We especially hope that some individual countries will give up their pride and prejudice. They shouldn’t be blinded by their own selfishness so as to underestimate the Chinese people and the Chinese military’s resolute determination to safeguard China’s national sovereignty and security as well as the regional peace and stability” (PLA Daily, November 25).

In addition to the absence of crisis language from authoritative outlets, the ADIZ story was not initially played up in China media web portals and required deliberate interest in defense news to find. This further demonstrates China’s effort to present the formation of the ADIZ in a low-key manner.

Indeed, Beijing’s entire presentation of the ADIZ focuses on establishing China’s action as normal and legal as well as expressing China’s concern for peace. Institutional and expert commentaries in the days that followed the announcement were filled with annotations such as “having no intention to generate tensions,” “a move of justice to safeguard regional peace and stability” and the assertion the ADIZ “cannot be described as a threat to another country” (China Military Online, November 28; Xinhua, November 25; PLA Daily, November 25). The hawkish defense commentator Luo Yuan and National Defense University professor Meng Xiangqing even suggested the ADIZ, in the words of the latter, “will in fact bring more security for aircraft flying over the East China Sea. The zone will help reduce military misjudgment”—a position reiterated by the defense ministry this week (Xinhua, December 3; China-US Focus, November 27; Xinhua, November 26).

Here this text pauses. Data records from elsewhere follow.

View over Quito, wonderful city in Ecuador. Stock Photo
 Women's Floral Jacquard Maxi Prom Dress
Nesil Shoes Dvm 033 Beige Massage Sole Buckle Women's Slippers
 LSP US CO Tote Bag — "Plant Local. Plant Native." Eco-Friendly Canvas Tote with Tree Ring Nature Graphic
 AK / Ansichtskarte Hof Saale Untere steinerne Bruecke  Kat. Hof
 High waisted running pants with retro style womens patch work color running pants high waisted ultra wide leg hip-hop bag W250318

Four indicators strongly suggest the declaration of the ADIZ was a well-planned policy action that was coordinated across the government, or least among senior policymakers. Although China may be getting vastly better at crisis management and getting its message out, these indicators buttress the hypothesis that the ADIZ was deliberate, considered policy:

  1. Xinhua announced the ADIZ as a “Statement by the Government of the People’s Republic of China,” which is relatively rare and suggests a policy coordinated at the highest levels—the Politburo Standing Committee and possibly the Central Military Commission (Xinhua, November 23).
  2. Chinese diplomats in at least three countries—the United States, Japan and Australia—had prepared talking points to downplay the implications of the ADIZ as well as any suggestion that it affected the sovereignty disputes in the East China Sea (Xinhua, November 26; Xinhua, November 25; The Australian, November 25; South China Morning Post, November 25).
  3. A variety of Chinese military and legal experts across the PLA’s different institutions were prepared to discuss the ADIZ, its implications as well as its consistency with domestic and international law and treaty commitments. In addition to the Ministry of National Defense spokesmen, Beijing presented comments from the PLA Air Force, the PLA Navy and National Defense University as well as their affiliated education establishments (Xinhua, November 26; People’s Daily, November 24; Xinhua, November 24; Xinhua, November 23).
  4. Shortly after announcement of the ADIZ, Beijing dispatched and publicized its first aerial patrol of the newly-designated zone (People’s Daily, November 24; Xinhua, November 24).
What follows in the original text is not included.